Question 6: How Much Relevant Experience Does Your Lawyer Have?

You need to feel confident that your lawyer has the skills and knowledge to effectively represent you in the matter at hand. Likewise, your lawyer should want you to feel comfortable with his or her ability to represent you effectively. Therefore, don’t be shy about asking your attorney how much experience he or she has related to your particular dispute.

Question 7: Who Will Handle My Matter?

Let’s say you’ve met with a lawyer, were impressed with her capabilities and retained her to represent you. Will it really be that lawyer who acts on your behalf, or will your matter be relegated to a less experienced associate or maybe even a paralegal? You can’t know for sure unless you ask.
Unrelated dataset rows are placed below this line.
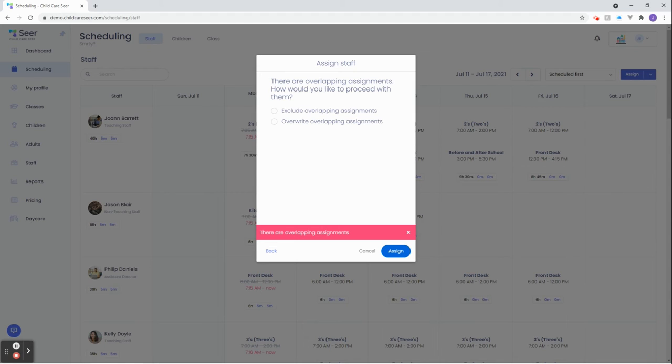Instead, as you see here, SEER will provide you some options. You can either cancel the assignment, exclude the assignment, or override it. Overwrite does exactly what it says. It removes the original assignment and replaces it with the new one.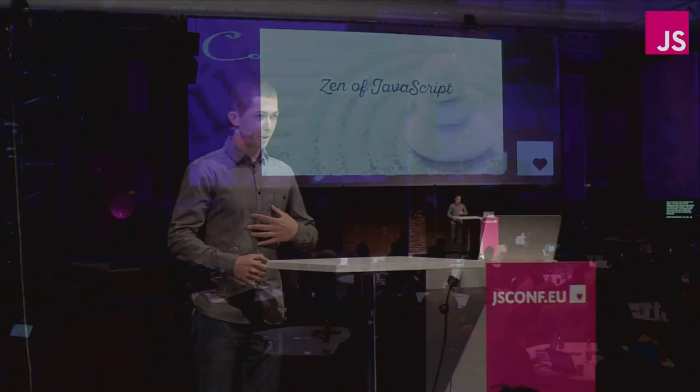All right, so my name is Dmitry and I'm a JavaScript developer. And I guess who is not JavaScript developer here? Rough you, actually, what are you doing here?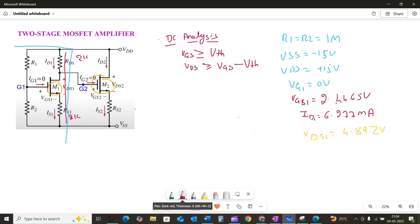Here is a quick summary of the DC operating point for MOSFET M1: VGS1 equals 2.4465 volt, ID1 equals 6.277 milliamps, and VDS1 equals 4.892 volt. We have shown how to obtain the DC operating point and confirm the saturation region. The second stage DC analysis will be covered in the next video.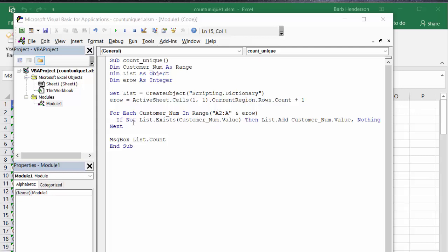If not exists, customer number dot value, then add customer number value. And if the false in there is nothing. So it loops through this.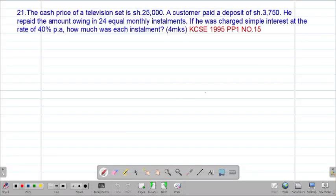Hello my precious friends, I really hope that you are doing great. Welcome to today's class. It's our 10th lesson on a Form 3 mathematics topic called Commercial Arithmetics 2. We are looking at our 21st example, which is a past KCSE question that was tested in 1995, Paper 1, question number 15.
Of course, when you select an attorney from a firm like Much Shelist, you are really hiring a team of lawyers at different billing rates, which may be advantageous on multiple levels. Research, for example, can often be done better and less expensively by associates or younger partners. If, however, you want a particular lawyer to handle everything, you should make that clear up front.

Question 8: Where Is the Engagement Letter?

Once you have decided to retain a lawyer, make sure there is an engagement letter signed by both you and the attorney. An engagement letter protects the client as much as, if not more than, the attorney. It should set forth the fee structure, the scope of the engagement, any requirement for an up-front retainer (including the amount), how out-of-pocket costs will be handled, what other charges are involved and so on. If there is anything in the letter that you do not understand, make sure the attorney explains it to you. Most importantly, your lawyer should never dismiss the engagement letter as “just boilerplate.” If he or she does, then you should seriously consider getting another lawyer. Ultimately, the engagement letter constitutes a contract between you and your attorney and is invaluable in establishing the parameters of the relationship.

Question 9: What Charges Should I Expect to See on My Bill?

This may seem like an obvious question, but in many respects, it is not. Generally, if you phone your attorney, you are going to be billed for that call. If your attorney has a substantive discussion about your matter with someone else in his or her office, you will usually be billed for that conference. If an associate does research on your file, you will likely be billed for that work. If a paralegal reviews documents or organizes a file, you will probably be billed for his or her time. There is nothing particularly surprising about these examples, but what about charges for electronic research like Westlaw? How about faxes or photocopies? All of these billing issues should be addressed in the engagement letter. And if it includes something you do not like, discuss it with your attorney before you sign on the dotted line.

Question 10: What Is the Likely Outcome?

Although your attorney will not be able to answer this final question with certainty—especially during the initial stages of the matter—it is important to discuss the issue right away. As I’ve said before, there are no guarantees, but experienced counsel should be able to give you an idea of what might take place down the road. Ultimately, there is no benefit to you or your relationship with your lawyer to have unrealistic expectations.

This list of questions is by no means exhaustive, and that’s a good thing. You should never hesitate to ask your lawyer anything, no matter how big or small. We are here to help, so ask away!

© 2010 Much Shelist Denenberg Ament & Rubenstein, P.C.